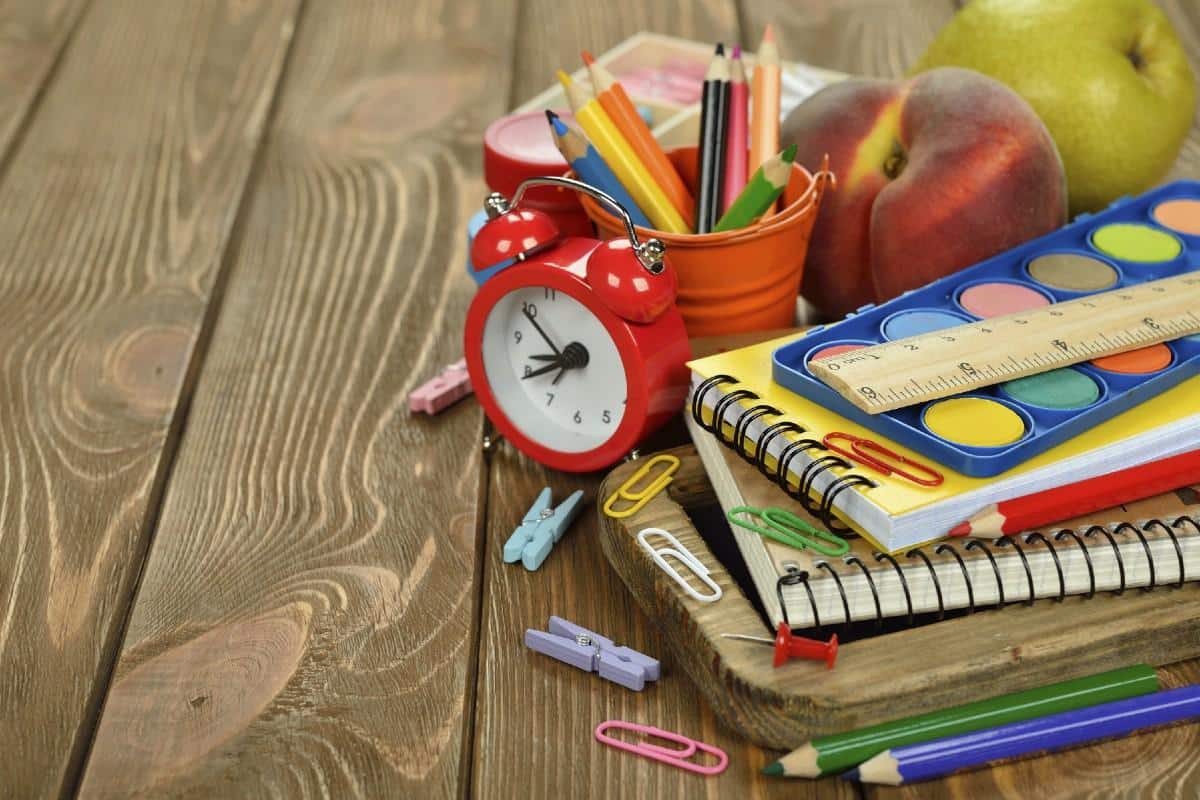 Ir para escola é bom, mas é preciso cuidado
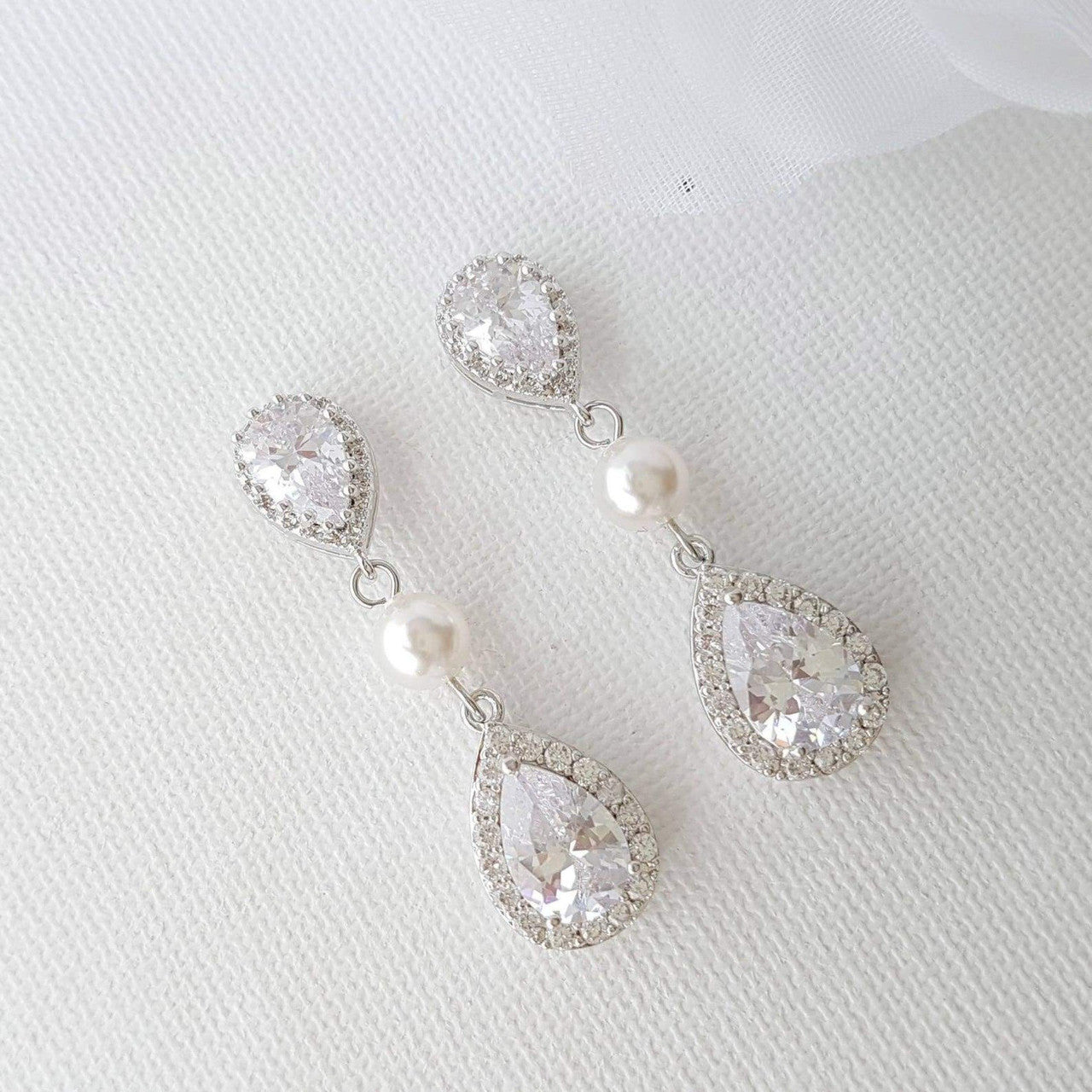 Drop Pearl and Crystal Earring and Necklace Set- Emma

==

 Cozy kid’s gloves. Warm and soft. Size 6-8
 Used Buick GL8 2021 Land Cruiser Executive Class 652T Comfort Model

* * *

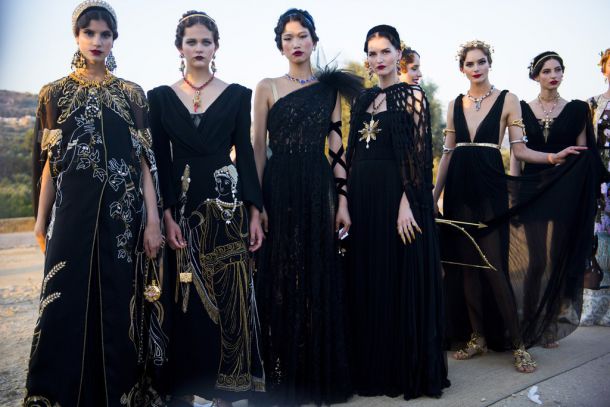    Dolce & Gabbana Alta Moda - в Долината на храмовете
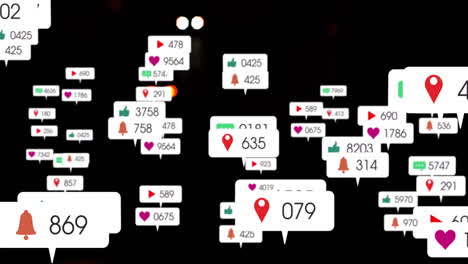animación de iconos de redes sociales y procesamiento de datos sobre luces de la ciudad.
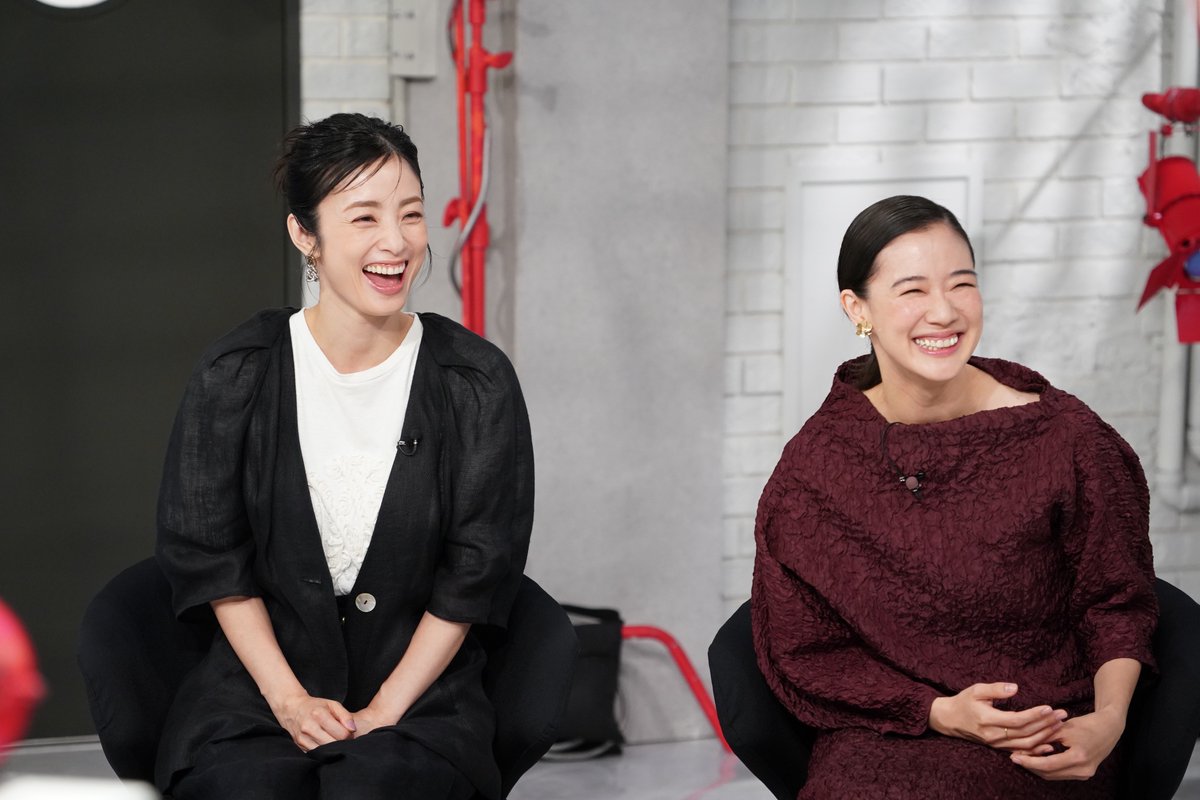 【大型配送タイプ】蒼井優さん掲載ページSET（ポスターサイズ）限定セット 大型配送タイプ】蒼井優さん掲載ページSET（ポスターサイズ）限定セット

» WHAT YOU SHOULD DO: All that is wanted is a faithful reproduction of the line above with "Cozy kid’s gloves. Warm and soft. Size 6-8", the line with "Used Buick GL8", and every line in between.

» OUTPUT OF THE TASK:
 Cozy kid’s gloves. Warm and soft. Size 6-8
 Used Buick GL8 2021 Land Cruiser Executive Class 652T Comfort Model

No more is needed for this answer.